On doit ces rencontres à certains du groupe T’chan’G, cet atelier de recherche théâtral qui fut son terrain de jeu expérimental de 1986 à 1996. « Je(u) ensemble», comme il disait. Mêlés à d’autres acteurs, ils ont rejoués ses pièces : Violences, Gibier du Temps, Scarron et fait « émerger les voix, rageuses, jacquetantes, inouïes» du roman L’Au delà . Muriel Vernet a donné une belle performance d’Ange, Art Agonie avec une danseuse; Anne Alvaro et Pascal Bongard ont tenu le public en haleine avec Dernière Charrette, une imprécation calme : la plainte poignante d’une carriole philosophe qu’on met au rebut : « la plainte est le chant commun des esclaves ».

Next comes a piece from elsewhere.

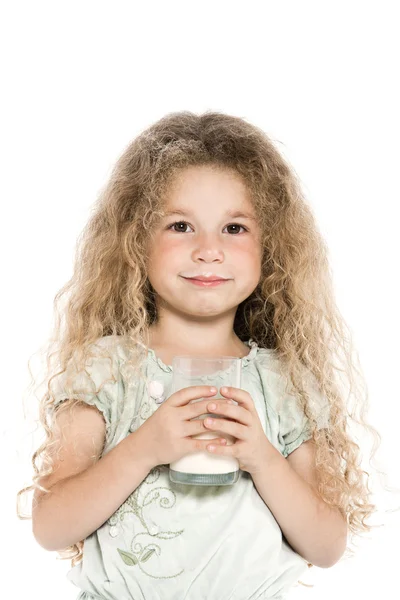 Malá dívka portrét s mlékem knír — Stock fotografie
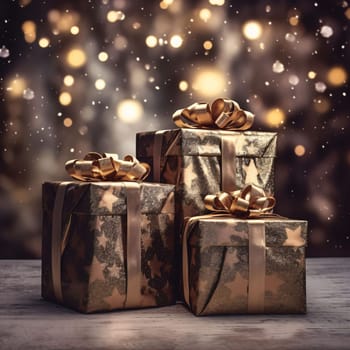 Gold gifts with bows in the background, gold dust side effect. Gifts as a day symbol of present and love. A time of falling in love and love.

Moment festif, Je ne raconterai pas forcement pourquoi je suis descendu dans la cave du Père Lachaise orchestre les paroles de “ la bande à Gabily “ à propos de leur travail théâtral collectif.
Il s’en dégage une manière de diriger les acteurs, procurant un sentiment de sécurité et d’insécurité: « Il arrivait à te mettre à l’endroit où il n’y avait qu’à dire. Là, on habitait le plateau » ; « Ça dansotte, ça dansotte, comme une chose qui ne s‘affirme jamais, qui reste dans le tremblement » ; « Didier il nous attend, il nous prolonge, être dans le bonheur du déséquilibre » ; « C’est un goinfre, il est un peu gargantuesque. Généreux et bouffeur et, en même temps, il te porte (…) il t’emmène à l’endroit où tu peux avoir ton essence » .
A travers leurs dires, et leurs anecdotes, on entrevoit un chef charismatique qui a marqué une génération de comédiens comme Nicolas Bouchaud, Serge Tranvouez. Alexandra Scivluna, Jean-François Sivadier… Il développait une technique de mise en scène : « Le “tiers inclus“, c’était obsessionnel, le regard d’un autre fait espace, triangulation » ; « Ce qui m’a impressionnée, c’était les fulgurances, il organisait le plateau, comme un peintre. Tu comprends que ça naissait du plateau.» ; « Didier, c’était des puits ou des cratères, avec des éruptions (…). Une voix d’enfer, une chose de la douleur de vivre.(…). Il cherchait (…). Il visait haut par rapport à ce qu’il voulait atteindre du champ de l’humain. »
Espérons que ces quelques jours porteront leurs fruits, qu’on reverra bientôt sur nos plateaux du Didier-Georges Gabily, et qu’il connaîtra enfin, à l’instar d’un Jean-Luc Lagarce, la reconnaissance qui lui revient. En attendant, on peut le lire, publié chez Acte Sud et Acte Sud-Papiers : la librairie qui vendait ses livres a été prise d’assaut.